◆ **What the task asks**:
Retype, word for word, the line holding "Thumbnail: 2022 Nissan Armada - 16" and each line after it down to the end of the data; pictures are not copied.

◆ **Recorded data**:
*-*-*
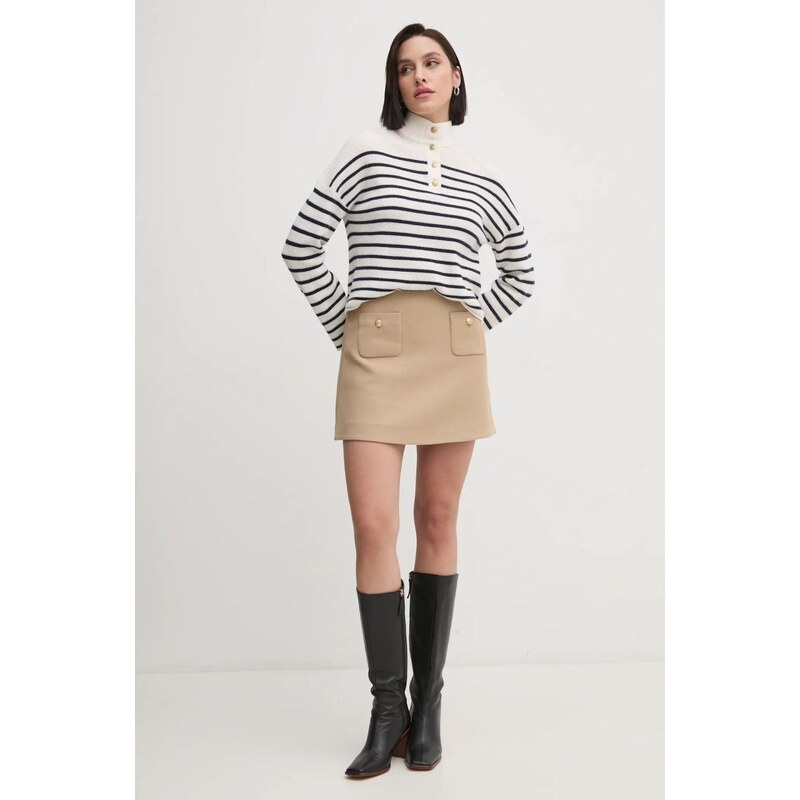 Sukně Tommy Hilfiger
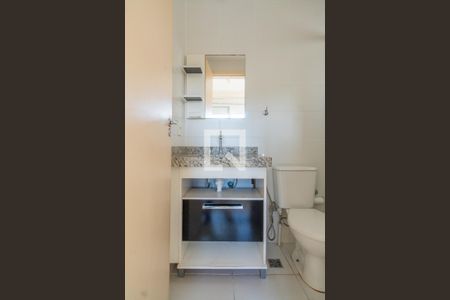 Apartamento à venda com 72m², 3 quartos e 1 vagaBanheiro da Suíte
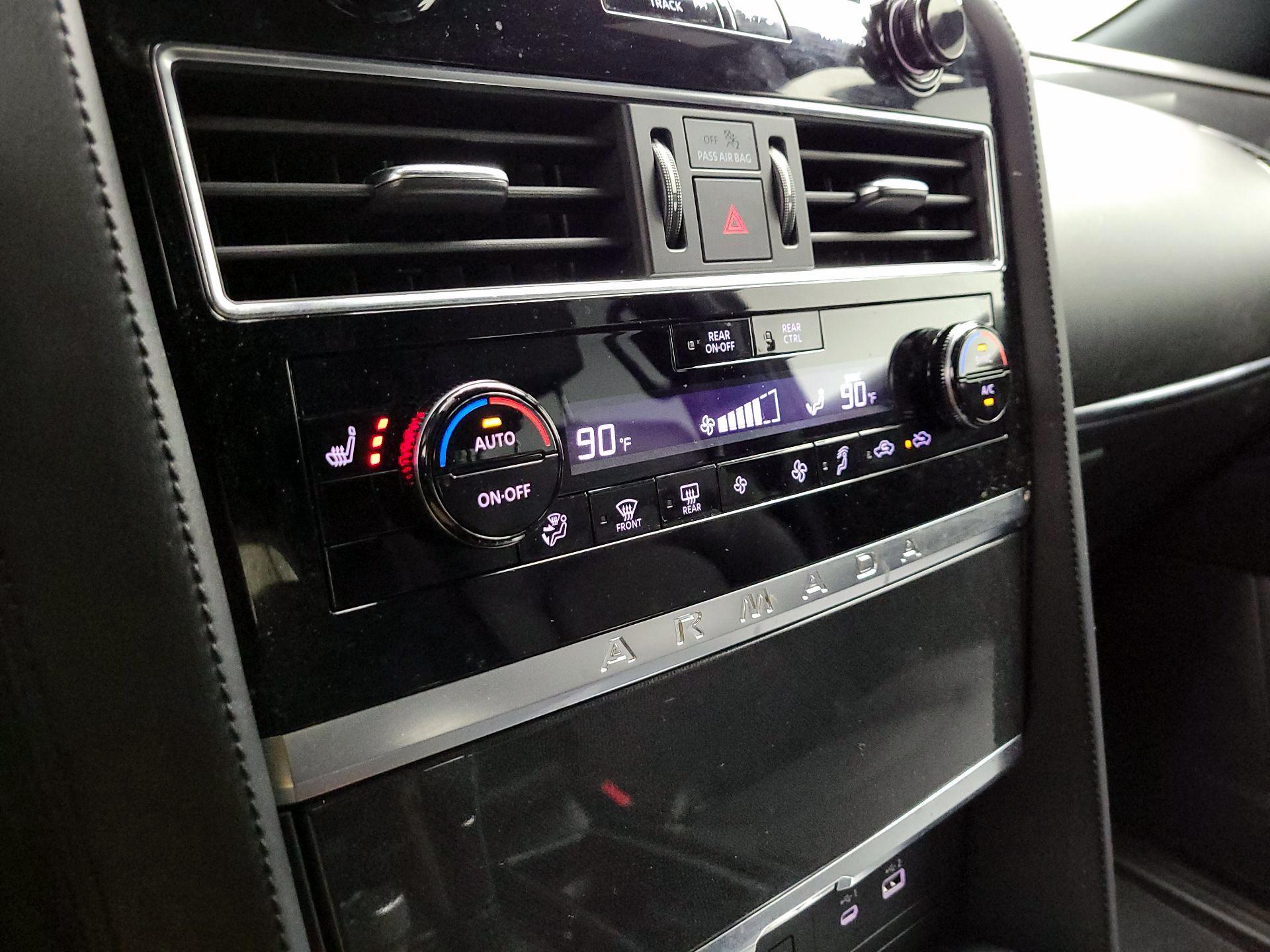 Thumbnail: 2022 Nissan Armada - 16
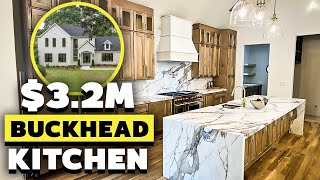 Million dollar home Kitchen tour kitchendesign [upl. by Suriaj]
*-*-*
◆ **Response area**:
 Thumbnail: 2022 Nissan Armada - 16
 Million dollar home Kitchen tour kitchendesign [upl. by Suriaj]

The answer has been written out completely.